**WHAT TO WORK ON**
Reproduce the records below in their entirety, character for character.

(Dataset entries)
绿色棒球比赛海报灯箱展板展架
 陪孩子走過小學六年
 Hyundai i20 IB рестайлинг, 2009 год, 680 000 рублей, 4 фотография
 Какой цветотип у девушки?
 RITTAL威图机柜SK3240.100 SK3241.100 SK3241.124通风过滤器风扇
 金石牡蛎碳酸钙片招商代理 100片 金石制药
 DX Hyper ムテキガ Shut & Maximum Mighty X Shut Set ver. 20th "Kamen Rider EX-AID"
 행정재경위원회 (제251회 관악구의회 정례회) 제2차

**ANSWER SPACE**
绿色棒球比赛海报灯箱展板展架
 陪孩子走過小學六年
 Hyundai i20 IB рестайлинг, 2009 год, 680 000 рублей, 4 фотография
 Какой цветотип у девушки?
 RITTAL威图机柜SK3240.100 SK3241.100 SK3241.124通风过滤器风扇
 金石牡蛎碳酸钙片招商代理 100片 金石制药
 DX Hyper ムテキガ Shut & Maximum Mighty X Shut Set ver. 20th "Kamen Rider EX-AID"
 행정재경위원회 (제251회 관악구의회 정례회) 제2차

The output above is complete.